Hacker News new | past | comments | ask | show | jobs | submit login
A Survey of the First 20 Years of Research on Semantic Web and Linked Data [pdf] (inria.fr)
149 points by kkdw on Jan 3, 2019 | hide | past | favorite | 48 comments

RSS/Atom is being slowly killed. XHTML was replaced by a pile or junk that can only be parsed by a single parser. HTML in general became a rendering layer for executable JavaScript. After years of doing integrations, I've seen one(!) HATEAOS web service and it's being replaced by GraphQL right now.

I like the idea of having semantic content, but it is suffocating under the weight of all the overcomplicated designed-by-committee abstractions and formats. In fact, the real web that we're using is becoming less and less semantic every year.

I wish someone re-standardized XML without all the complicated edge case garbage and with better handling of namespaces. So it would actually get used for documents again. JSON is not a good document format, and it seems everyone is busy re-inventing XML in JSON right now.

Let's say I want to define my own concept and put it on a web page. Is there even an "official" way to do it right now, without namespaces in HTML5? Theoretical example:

    <concept tag="computer-game" guid="c1a3e0cb-5872-4e5a-8dce-b8afc00772db" />
    <concept attribute="year-published" guid="ba073188-8bd6-47a7-9065-eb55c4a8b908" />

        <computer-game year-published="1993">Doom</computer-game>
Simple, isn't it? I'm not aware of anything of this sort.

To answer your question, you can use HTML+RDFa to annotate any element with semantic info, or simply use meta-links (in the HTML head) for per-page metadata.

W3C's semantic web is a lost cause, though, as is XHTML. I don't know why the paper speaks about "the first 20 years", as there's been zero activity for years and I think the semweb charters have been closed years ago.

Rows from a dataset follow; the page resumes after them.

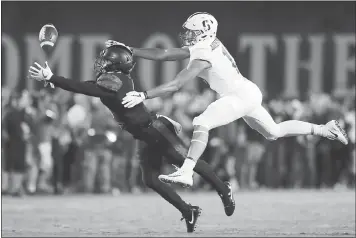  ?? GREGORY BULL — THE ASSOCIATED PRESS ?? Stanford receiver JJ Arcega-Whiteside, right, and San Diego State safety Trey Lomax go for a long pass in Saturday’s game.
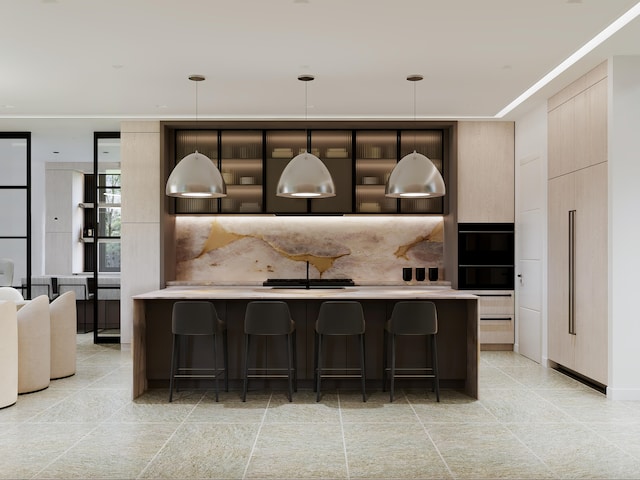 kitchen with a kitchen island with sink, decorative light fixtures, a kitchen bar, and tasteful backsplash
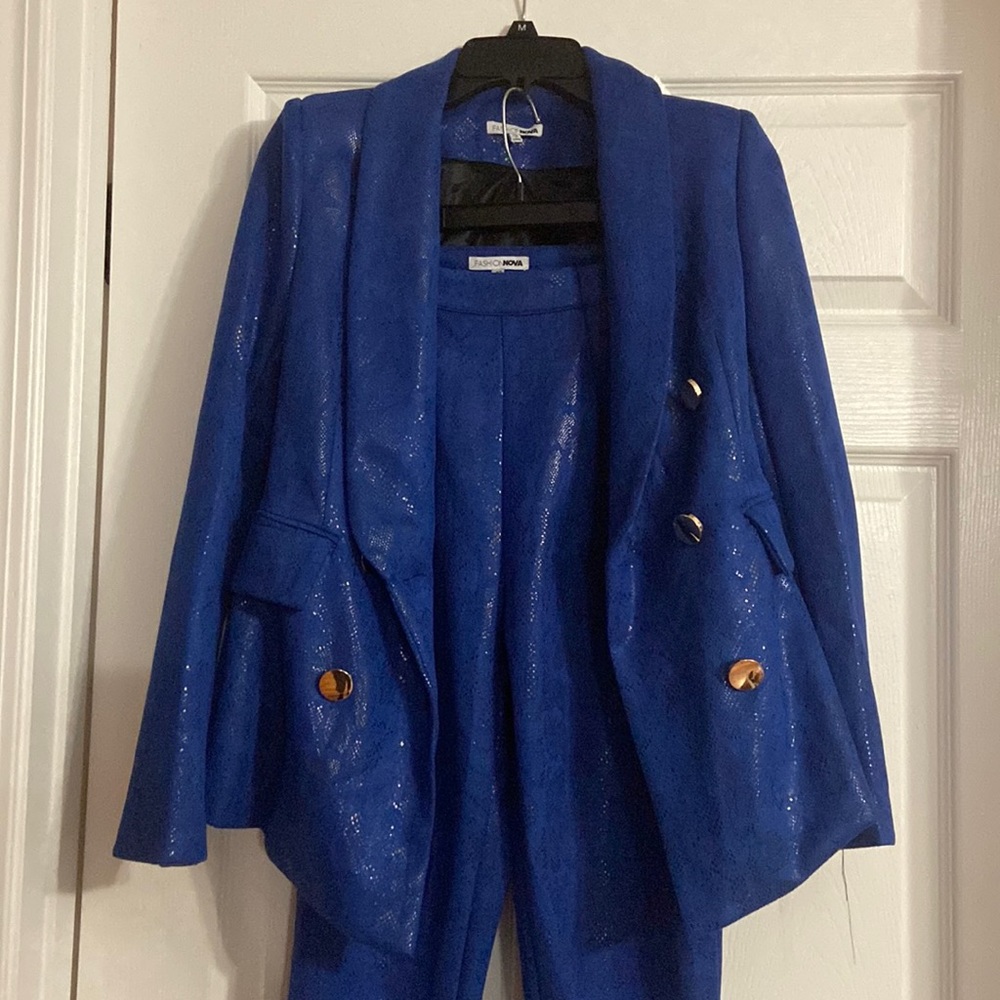 Blue pant suit. Snake skin design.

If you're interested in document engineering based on real and practical standards, I'd suggest looking into ISO SGML (superset of XML and HTML) and maybe ISO Topic Maps (with Tolog/ISO Prolog as query language).

> Let's say I want to define my own concept and put it on a web page. Is there even an "official" way to do it right now

What's wrong with Microdata? As in https://en.wikipedia.org/wiki/Microdata_(HTML) It can interoperate with RDF and JSON-LD.

First time I hear about it. Let's see.

It seems to aim at roughly the same problem, but god, they've managed to design something even uglier and more verbose than XML namespaces. Still requires to use valid URLs instead of GUIds. Still forces you to use external names in your markup. Sigh.

One hard limitation I see is that unlike namespaces it doesn't deal with HTML attributes, so you can't just annotate the same tag with unrelated semantics.

It also makes assumptions about document structure (item properties are nested inside an item). Semantics and structure should not be complected. This will create innumerable issues when doing logic in code or writing CSS queries.

Why does this have to be so ugly and complicated? All we really need is a way to associate data with globally unique identifiers. This gives us semantics. A single layer of indirection (mapping GUIDs to local names of your choice) would allow us to be concise and descriptive in our markup, while avoiding naming conflicts.

No matter how much W3C hates it, people are extending HTML with custom tags and attributes. (ng-whatever, for example.) Having no support for providing semantics for such things is pretty ridiculous.

> Still requires to use valid URLs instead of GUIds.

Not sure why you would want to do this, but AIUI you can use any URI for a namespace (not just URL), including a UUID via the `urn:uuid:c1a3e0cb-5872-4e5a-8dce-b8afc00772db` syntax.

You can but most of the time, especially with Linked Data, an URL is required. And sometime even a dereferencable one. So you have this weird situation where you never really know if an URL is "semantic" (just a string actually) or can be accessed. Also having a dependency on the DNS system is a bad idea in my opinion. It's really clear when you read 2 years old semantic web paper and every link is broken.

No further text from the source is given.